GTKada is an Ada binding to GTK+. In the latest version, some of the Ada files in the source tarball have been generated by a program that is included in the tarball. Future versions will have even more generated code. The input to the code generator is a GIR file, which as far as I understand is some kind of XML representation of the GTK+ API. The GIR file has in turn been generated from the C source code of GTK+. The GIR file is included in the GTKada tarball, but the GTK+ source is not.
Now I'm trying to figure out whether I can build the GTKada package from the distributed generated Ada code, or whether I have to run the code generation as a part of the build, possibly using the GIR file from the GTK+ package instead of the one in the GTKada tarball.
There are two reasons for the requirement listed in the guidelines:
· "Security: Pre-packaged program binaries and program libraries not built from the source code could contain parts that are malicious, dangerous, or just broken.
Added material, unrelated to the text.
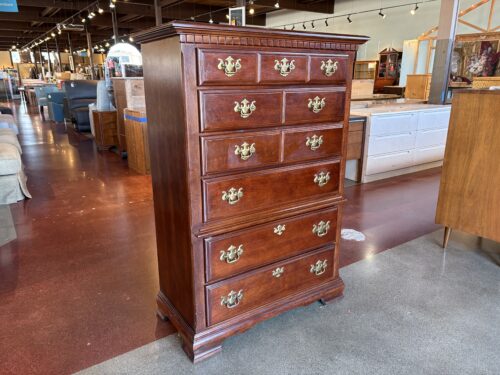 Traditional 6-Drawer Tallboy Dresser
Also, these are functionally impossible to patch." The generated Ada code is nicely formatted and legible, and no harder to review than hand-written source code. It would be possible to patch it, although such a patch would of course not be upstreamable.
· "Compiler Flags: Pre-packaged program binaries and program libraries not built from the source code were probably not compiled with standard Fedora compiler flags for security and optimization." This obviously doesn't apply to generated code that hasn't yet been through a compiler.
Thus, none of the stated reasons seem to be relevant to this case, and I can see only one thing that could mean that I have to run the code generation as a part of the build, namely the term "source code". My question is: Is it required that all the steps in the process from the actual source code to binary code take place on Fedora's build servers, or is it sufficient that binaries are built from human-readable code even if that code isn't the actual source code?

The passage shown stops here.